Let's get one thing straight: the new Total Recall (2012) never needed to be made. Hollywood has been caught in a sequel and remake epidemic for years. Redbox is ruining the art of cinephilia by creating a generation of film watchers only interested in new releases. Kids today know nothing of the old ways! But enough shooting at the sun. What's done is done. A new version of Total Recall is here, and it's a sleek, action-saturated sci-fi thriller. Colin Farrell plays a nobody factory worker named Douglas Quaid, or else he's a double agent named Houser. His is a future where earth is uninhabitable except for colonies on Great Britain and Australia that citizens travel between via a tunnel through the earth. This is 2012's biggest digression from the original Total Recall (1990), which takes place mostly on Mars. Both films feature a bewildered action hero trying to figure out which events are real and which are fabricated. How do the two films stack up against each other?
R versus PG-13
Total Recall (1990) has a body count of 77. Arnold Schwarzenegger punches a woman in the face and shoots her in the head. (Then he says, "Consider that a divorce!") The original is so violent that it had to be re-cut to avoid the X rating, particularly in a scene where Schwarzenegger uses a corpse for a shield in a gun fight. Contrast that with Total Recall (2012) and its artfully executed PG-13 rating. There's a recent thing in action films of implied death. Explosions send bodies flying, but without blood. The whole thing feels dishonest.
The iconic three-breasted woman appears in both films. In the original, she's an actual character, and since mutants exist on Mars, her breasts are explicable. Total Recall's PG-13 saved up all its sex tokens for only the briefest glimpse. Winner: Total Recall (1990)
Much in the way video games have gotten empirically better in the last 20 years, action in film has become more sophisticated. The actors move faster and in more elaborate settings, as in the latest film, when they fight on a big, fast-moving 3D elevator or something. Everybody in Total Recall (2012) seems to have dedicated his or her life to combat training, gymnastics and hand-to-hand combat. So much action. Your action needs will be met. Winner: Total Recall (2012)
Envisioning 2084 AD
Total Recall (1990) is at a disadvantage here in that we know more about the future by now; costume designers likely misjudged the enduring power of crimped hair and shoulder pads. They have flat-screen TVs embedded in the walls and clunky video laptops. People live on Mars and vacation on Saturn.
Total Recall (2012) spared no expense with CGI backdrops of futuristic slums. There are flying cars and apartments stacked to an overcast sky, and it's dark, dirty and thrilling. The implanted hand telephone in the new version puts it over the top in this category. Winner: Total Recall (2012)

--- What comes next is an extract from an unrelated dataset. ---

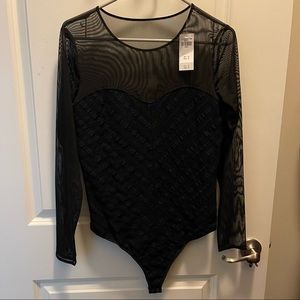 Black Mesh Abercrombie Bodysuit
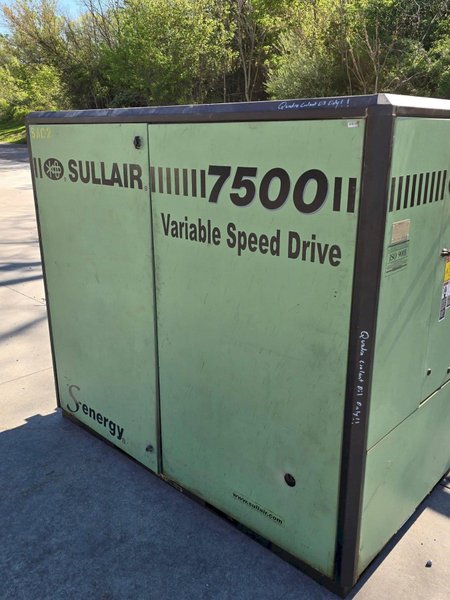 100 HP Sullair 7509V AC Rotary Screw Air Compressor, 2013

In both films, Quaid believes he's married to Sharon Stone or Kate Beckinsale, until she reveals herself to be an agent for the other side and tries to kill him a lot. Then there's a second woman from Quaid's other life, played by Rachel Ticotin or Jessica Biel. Stone is so charismatic that she almost manages to seduce Quaid, even after she's revealed her treachery. Beckinsale moves like a cat, but she's boring. Biel is similarly underwhelming, and why are they both played by brunettes with hot bodies? It's hard to tell them apart.
By now, we're used to seeing women in heels leap into action, but remember that in 1990, the sophisticated fight scene between Stone and Ticotin broke serious feminist ground. Winner: Total Recall (1990)
Arnold Schwarzenegger versus Colin Farrell
Schwarzenegger is always miscast, when you think about it, because what business does a weightlifting Austrian have here? It's absurd, but when he becomes Hauser the secret agent, his muscles fall into place.
Farrell plays him too close to the chest. He's mostly just scared and confused, with moments of romance and heroism. Winner: Total Recall (1990)
Total Recall continues at the Carmike 12 and Village 6.